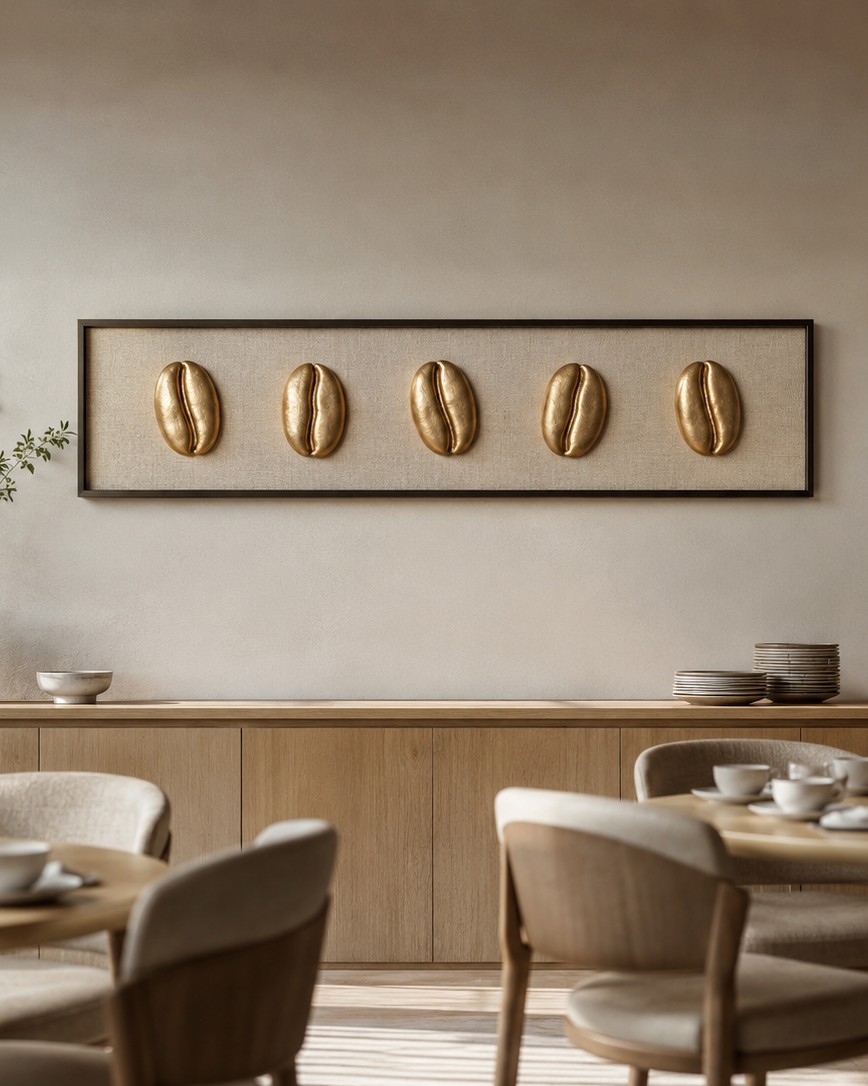 Sculptural wall object in Champagne Gold in a hotel breakfast room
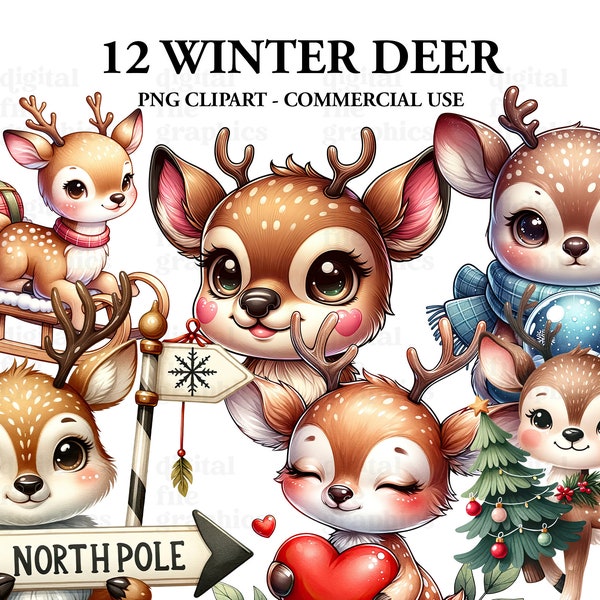 Winter Deer Watercolor Clipart, Christmas Deer Png, Christmas png Clipart, Christmas Graphics, Cute Animals, Paper craft - Junk Journal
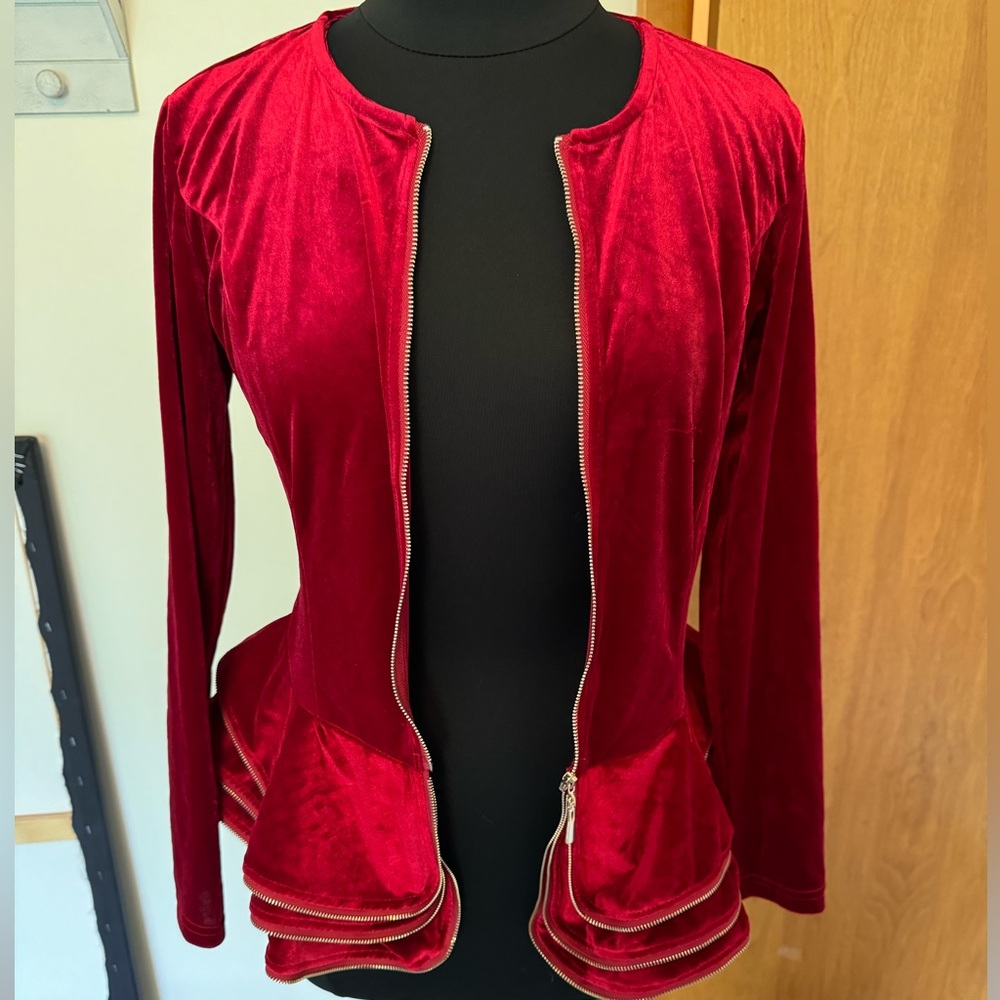 Xtaren Red Blazer Jacket with Gold Zipper Embellishment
--- --- ---
Reproduce the data above exactly, leaving out any picture in it.

> _Written response_:
 Sculptural wall object in Champagne Gold in a hotel breakfast room
 Winter Deer Watercolor Clipart, Christmas Deer Png, Christmas png Clipart, Christmas Graphics, Cute Animals, Paper craft - Junk Journal
 Xtaren Red Blazer Jacket with Gold Zipper Embellishment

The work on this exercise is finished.